Cindy Steidle, the coordinator and provider for the Communication Access Real-Time Translation (CART) program, is in charge of conducting these “pre-term” consultations. She’s already got some advice for professors conducting in-person classes.


“Speak to your audience, speak to be heard. Faster isn't necessarily better. Keep in mind, when you turn your back that's harder for everybody...and that the mask is going to muffle your voice,” Steidle said. “Everybody needs to have good communication skills, and what would be helpful on [professors'] parts is to repeat or rephrase any questions or comments by the class.”


Steidle met with professors when Miami decided to begin the fall semester remotely. She helped them set up third-party captioning services on Zoom calls or recorded lectures, and said that more deaf students have requested captioning services than ever before. She can’t say whether online classes have been conclusively helpful or harmful to hard of hearing students; it depends on a case by case basis.


In Hutchinson’s case, online classes have been a huge plus both for her emotional state and in terms of her ability to hear better. Hutchinson said she usually wears an amplifying device around her neck or a large headset during classes, in addition to her hearing aid.


She’s felt singled out in large in-person classes for her assistive technology, feeling the cruelty of the stigma associated with the deaf community as people draw attention to her equipment. But now that everyone’s on Zoom, she’s not the only one wearing headsets or other devices.


And in terms of hearing better, having the breakout function on Zoom has allowed her to fully participate in small group discussions. Back when she was taking in person classes, the cacophony of noise could be overwhelming.


“I can't hear in a small group because there’s all this background noise—that was my worst enemy in a traditional classroom,” Hutchinson said. “The professors are like, ‘Okay, we’re gonna break into small groups,’ and inside I'm thinking, ‘Oh my god, I'm not gonna hear a darn thing.’ I really miss the live classroom, but it's just an unexpected benefit that I often hear better than I did before. And I feel less visible with the technology that helps me learn.”


Martin agrees that online classes have their benefits. Being in a set routine and working out a good system with her captionist have helped Martin adjust better to remote learning, but she still can’t ignore the difficulties she encountered before March that have only been amplified by the pandemic and necessity of wearing masks.


“Before, I never had to ask people to repeat themselves as much, but now I feel like I have to ask all the time,” Martin said. “And when you're someone who already has to ask somebody to repeat themselves, usually one time’s enough. But repeating more than once, people can get very agitated. And that's usually when people make fun of people with hearing loss.”


Martin stressed the importance of patience and understanding during this time.

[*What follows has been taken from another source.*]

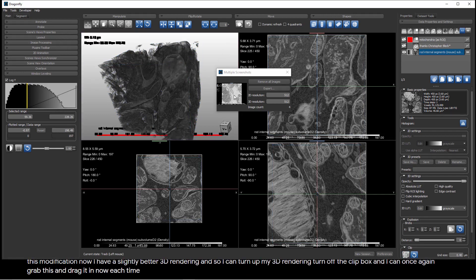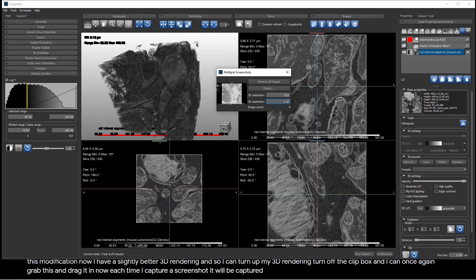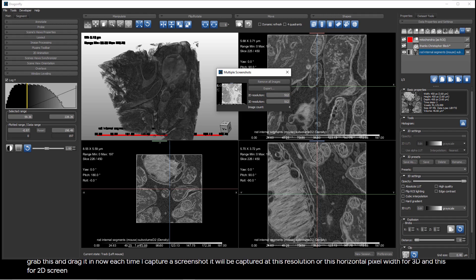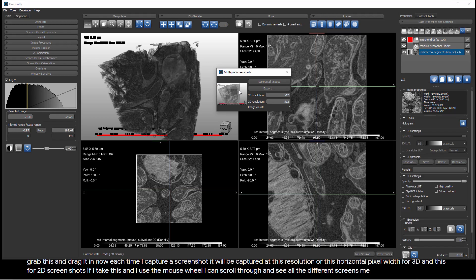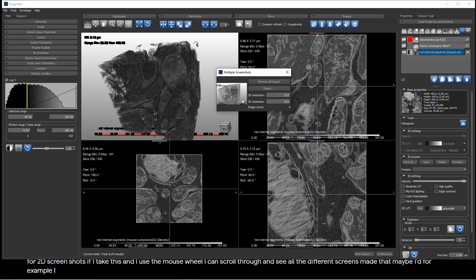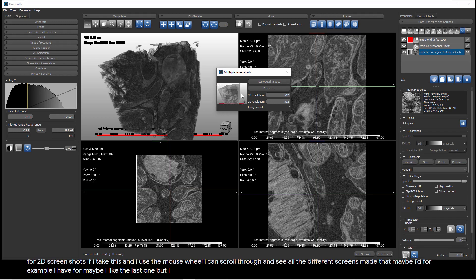Now, each time I capture a screenshot, it will be captured at this resolution, or this horizontal pixel width for 3D, and this for 2D screenshots. If I take this and I use the mouse wheel, I can scroll through and see all of the different screenshots. So, I like the last one I made, but maybe I have four. Maybe I like the last one, but I don't like the one before it. I can right-click and remove that image.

Her sentiments were echoed by Dawson, who emphasized how inaccessibility during the pandemic creates a higher risk of marginalization for a group that is already pushed to the sidelines. Being forced to choose “between communicating and protecting themselves,” Dawson says, only creates “additional social problems.”


But hard of hearing members like Martin and Hutchinson don't like to focus on “problems” or “obstacles.” Hutchinson emphasized how she’s “trying to live life as fully as possible within the limitations that exist.”


Dawson agrees that these limitations inspire deaf people to push forward with the help of SDS.


“What we’re seeing is that students just really want to be resilient,” Dawson said. “They’re still committed to their education, and they want to press forward under the new conditions, and they seem to have confidence that we are all going to come together as one Mimai community to make things a good experience.”